Shares of Coach (NYSE:COH) took it on the chin Wednesday to the tune of about 16% after the company announced its fiscal second-quarter results. And from a technical point of view, yesterday’s price action in the stock did some damage to the chart.
From a longer-term point of view, Coach has been fighting an uphill battle ever since it topped out in the first quarter of 2012. If we see the weekly chart of the stock, looking back to 2010, note the steep uptrend that eventually ended in a final push higher into early 2012 before things turned sour. This peak now also represents the head in a massive multiyear head-and-shoulders pattern.
Given the duration over which this pattern has been building, I am forced to be more approximate regarding the neckline of this formation (red horizontal), so I am calling it to be around the $52 mark.
Classically, if and when a neckline gets broken to the downside after forming the right shoulder (which was the case yesterday), chart analysts will start measuring an ultimate potential downside target from the pattern.
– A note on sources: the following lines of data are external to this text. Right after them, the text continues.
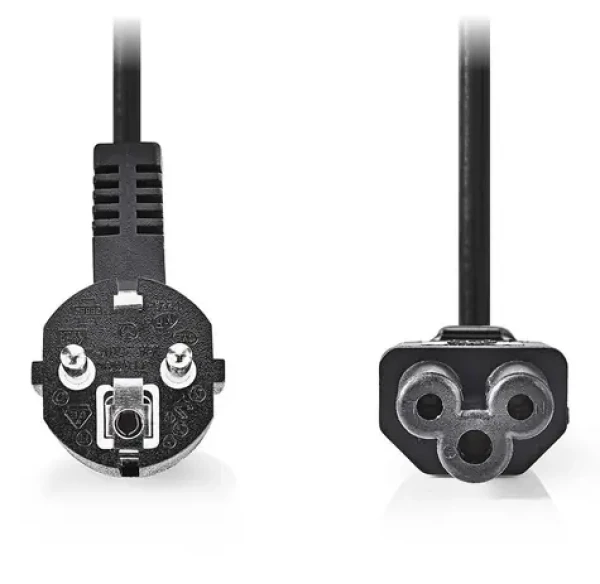 Nedis napájací kábel Typ F - IEC-320-C5 čierny / Napájací kábel / 10A / trojlístok, uhlový konektor / 3 m (CEGL10100BK30)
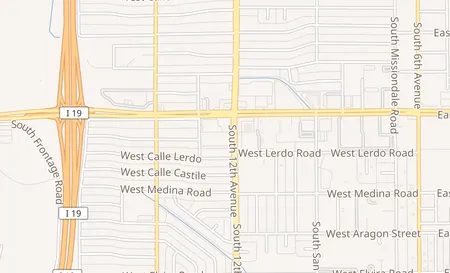 map of 625 W. Valencia Rd Tucson, AZ 85706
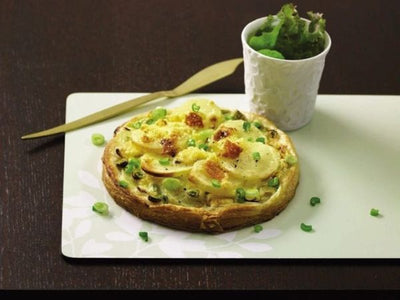 Potato, Cheshire Cheese and Spring Onion Tarts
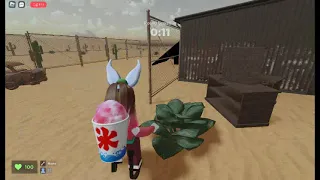 Surviving OVERNIGHT in Roblox EVADE To Day2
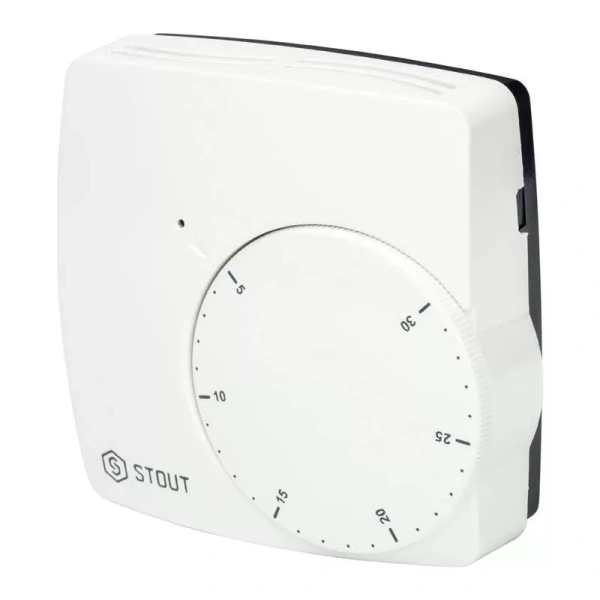 Комнатный термостат Stout WFHT-BASIC с светодиодом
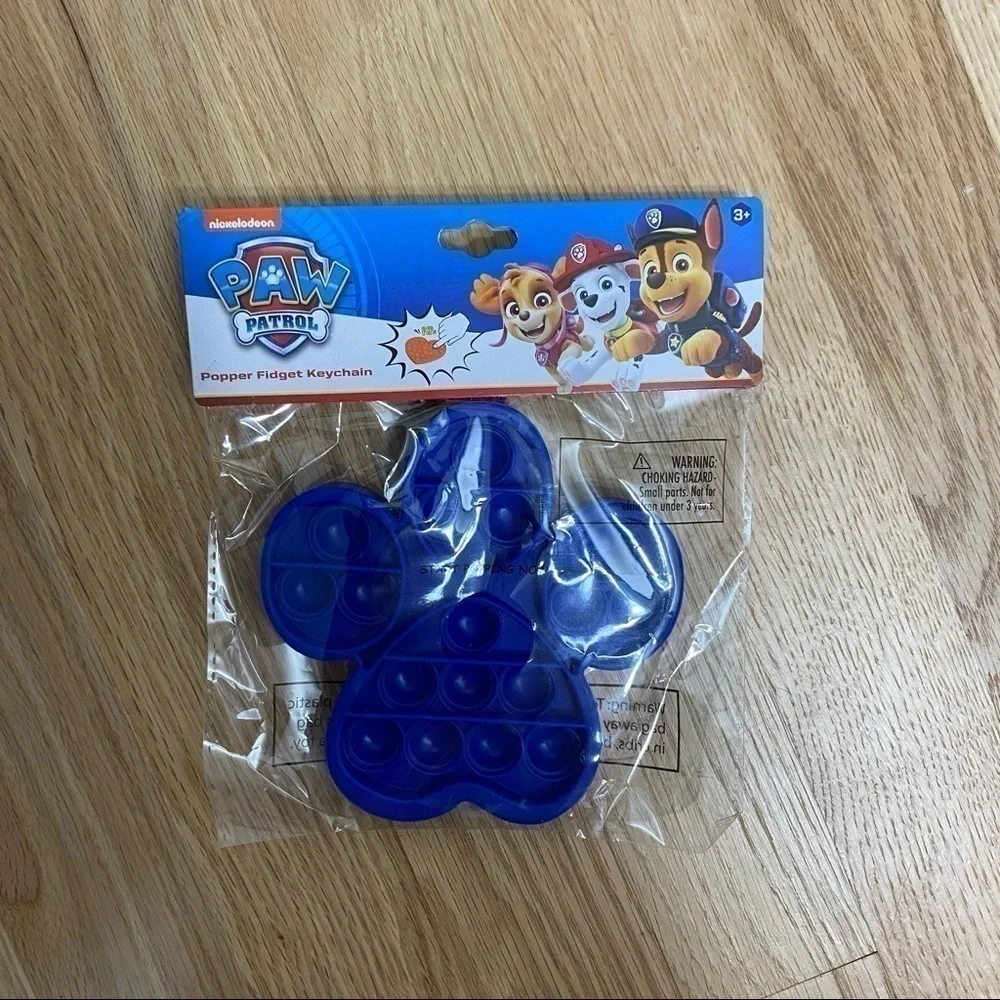 Paw Patrol Popper Fidget Keychain NEW Blue Paw Kids Toy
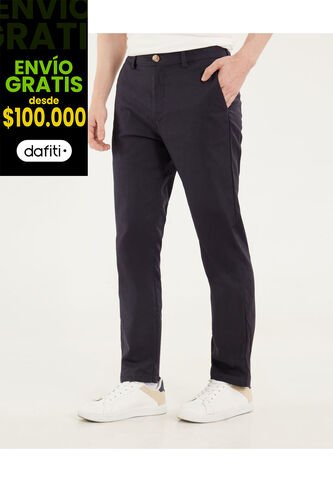 Pantalón Para Hombre Chino Color Azul Marca Ostu #60070458 Ostu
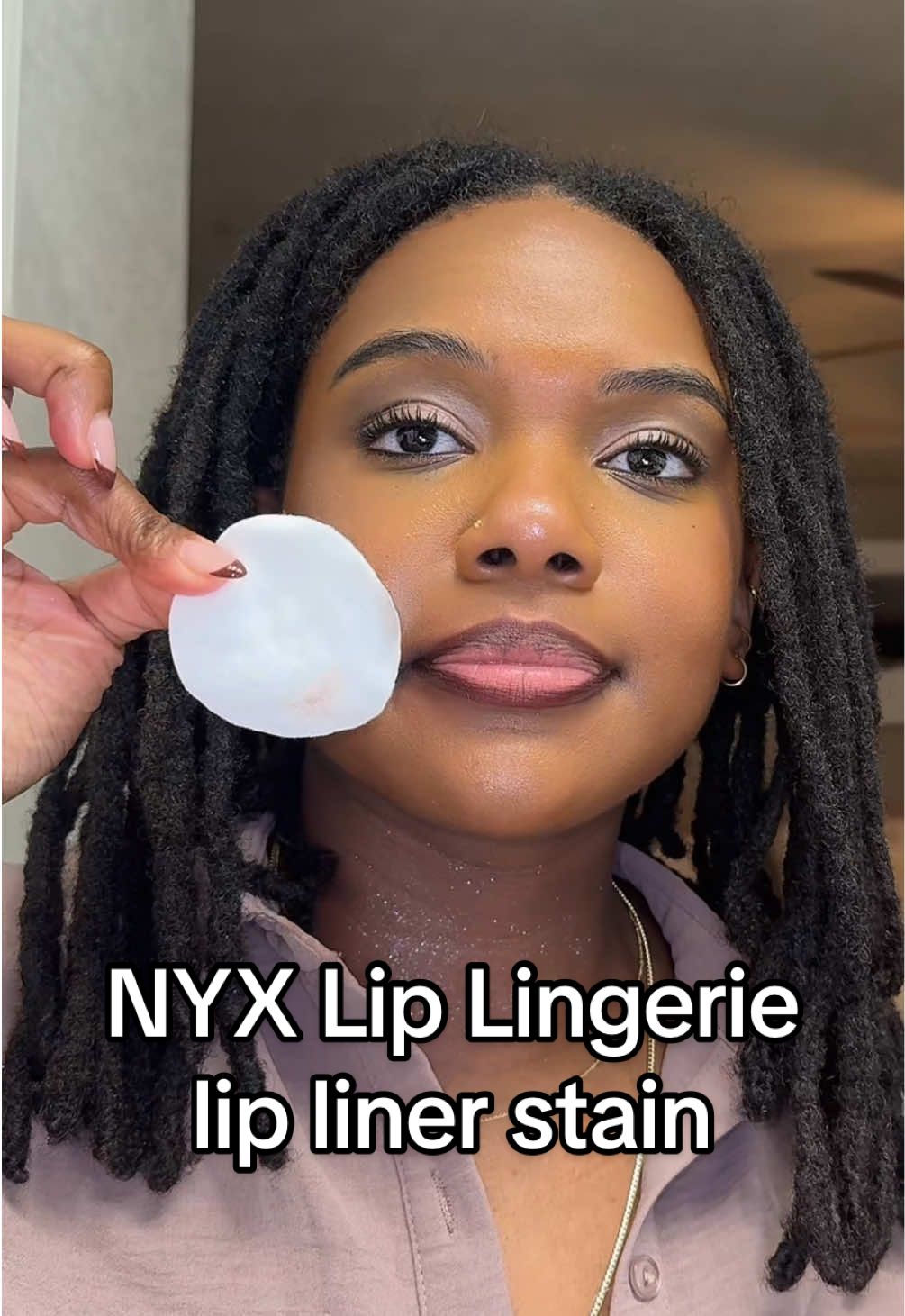 Shade: Up To No Good  Okay @NYX Professional Makeup did their big one with this lip liner stain!!! ✨😍 #liplinerstain #brownlipliner #nyxcosmeticspartner #nyxlipliner #liplinerhack 
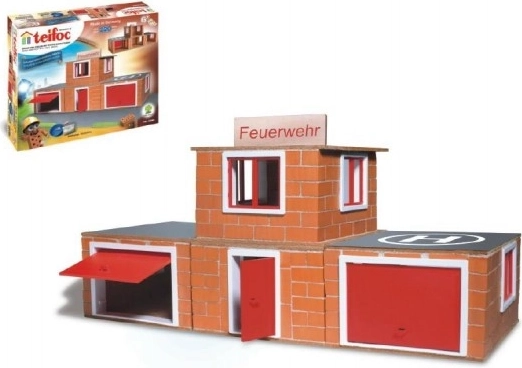 TEIFOC Fire Station Building Set – 220 pcs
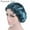 Peacock Blue, variant on SPRING PARK Women Sleeping Cap Soft Pure Night Sleep Hat Hair Care Scarves Bonnet Care Cap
The way one arrives at this target is by measuring the distance from the top of the head down to the neckline and then subtracting that number from the neckline. If we do this on the chart of COH, we arrive at a price target of roughly $27.
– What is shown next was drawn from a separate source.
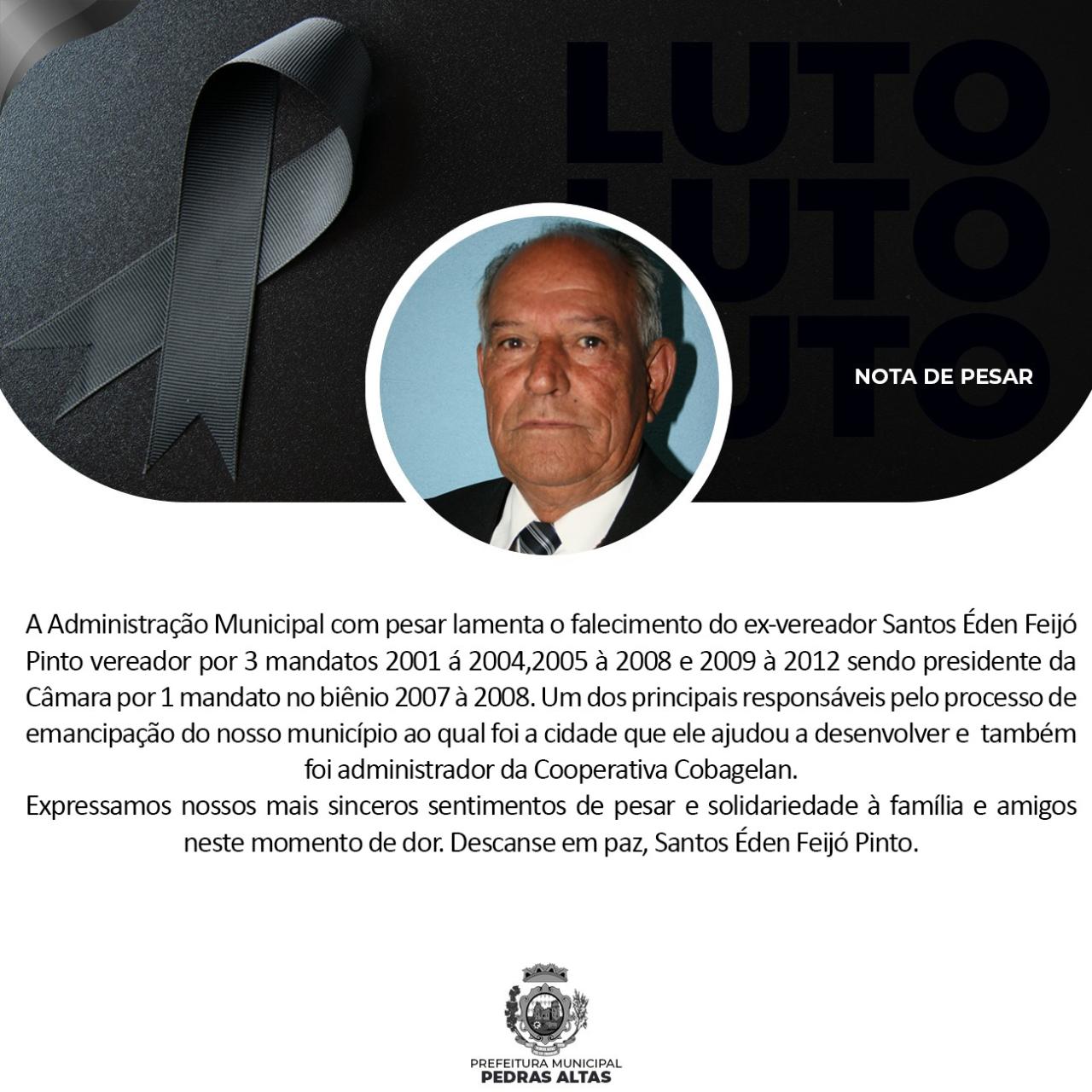 Pedras Altas se despede do ex vereador e um dos líderes do movimento de emancipação da cidade do Castelo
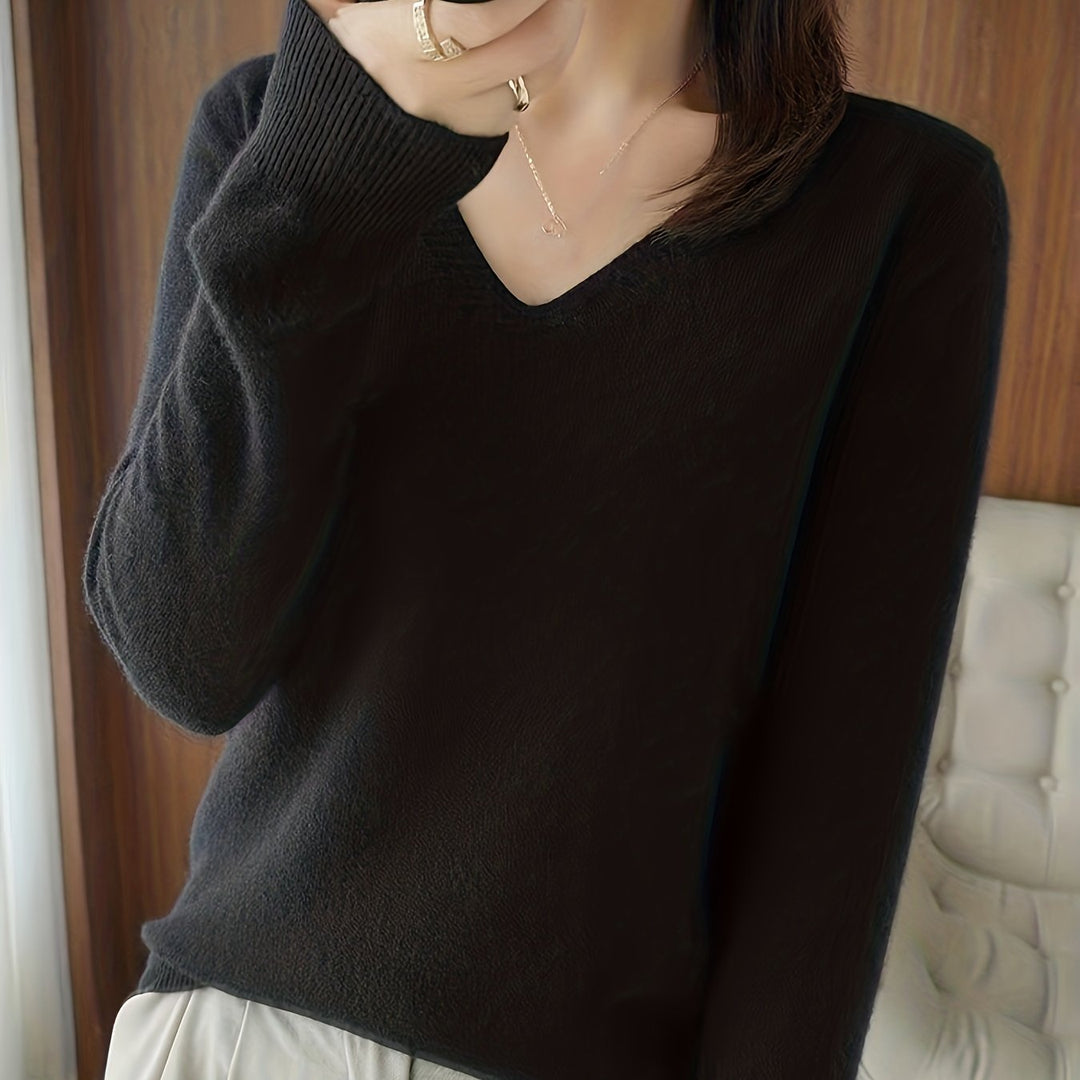Lourdes | Sweater cuello V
Again, given the duration it took for the stock to develop the head-and-shoulders pattern, it might not necessarily be the highest-probability trade to short the stock all the way down to $27. Taking a good 10% out of the stock on the downside, however, looks good now that the H&S pattern has triggered by the stock breaking below its neckline.
The new year started off well for Coach, which tagged along nicely with the broader market. However, Wednesday’s gap-down below the stock’s December lows was a game-changer, as it took the stock down to levels not seen since August 2012.
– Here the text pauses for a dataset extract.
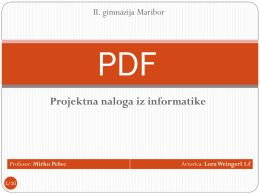 Kaj je PDF?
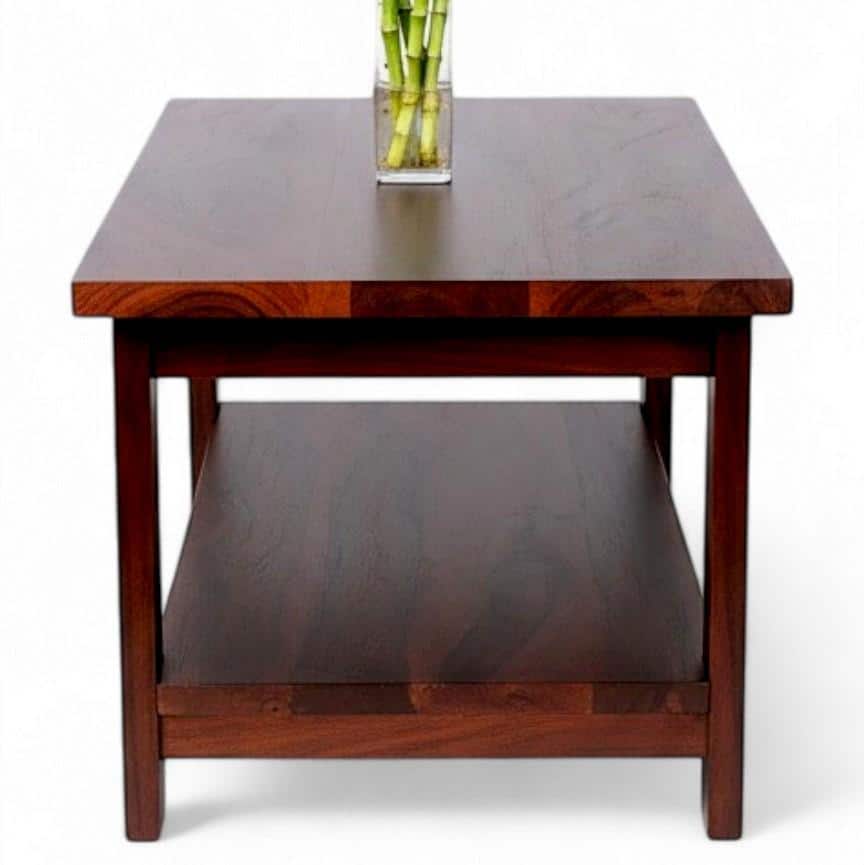 Aroda Sheesham Wood Coffee Table In Walnut Finish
A little closer up on the chart, note the trading channel in which the stock had been bouncing since August 2012. Yesterday’s trading action slammed COH right out of this channel, thus also causing significant technical damage on the nearer-term time frame.
The low from August 2012 might serve as a next immediate-term target; however, given yesterday’s triggering of the longer-term head-and-shoulders, the 2011 lows in the mid-$40s serves as a better target for now.